I'd rather redownload a 50GB Bluray movie once in a 3 years than download every Bluray movie RAR'd, and have to deal with extra time and processing and wasted HDD space.
That said, I've only had a corrupt file one time out of thousands, and it was part of a RAR set dl via usenet. Never had anything corrupt via Bittorrent that wasn't already corrupt on the seeder's system.
well thats why you use Pars on Usenet, it fixes them.
and hmm extra time and processing, 5 minutes tops to unrar, HDD space is really cheap these days. so i dont see the problem at all.
5 minutes of my life gone, lets say per week, equals a total of about two weeks lost in a lifetime. Considering that, statistically, I'm less than halfway through my life... I could very well lose more than a week of my life this way.
That said, I'm sure I'm wasting much much more by hanging out here(avoids the math).
I always hate packaging. It's extra crap. That said, I actually sold or gave away all of my DVDs because I hated the idea of having that extra garbage around - I prefer to just have it in digital format on a more efficient storage platform, takes up less space that way. Yes, I'm a minimalist.
The Bittorrent protocol already has its ways to check the data which is being transferred. FTP doesn't have integrity check and it doesn't handle pieces as bittorrent, so if you get a corrupted file or the transfer is interrupted you must download the whole file again because the receiver has no way to know if the received file is complete or not. Usenet is even older than FTP and that's why the standard method of uploading binary content to Usenet is to first archive the files into RAR archives then create some parchive files. That's why RAR files exist, because most of the warez were/are created by their providers for either FTP sites or Newsgroups.
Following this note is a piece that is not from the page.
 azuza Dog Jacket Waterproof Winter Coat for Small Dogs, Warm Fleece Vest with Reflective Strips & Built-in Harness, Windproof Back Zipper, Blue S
http://wiki.theory.org/index.php/Bit...File_Structure
The peer distributing a data file treats the file as a number of identically-sized pieces, typically between 64 kB and 4 MB each. The peer creates a checksum for each piece, using the SHA1 hashing algorithm, and records it in the torrent file. Pieces with sizes greater than 512 kB will reduce the size of a torrent file for a very large payload, but is claimed to reduce the efficiency of the protocol
Corruption of files could happen even with torrents. But it's pretty annoying to unrar my files after I download something. I don't have any problem to check the pieces of a torrent if it would ever be needed. Actually, I think I did it a couple of times, but I have had to unrar hundreds of times
personally imho the files should be rared especially the video files, apart from efficiency and security, there are many problems u can come across if video files are not rared.
Rarred or Unrarred? It does not matter at all to me.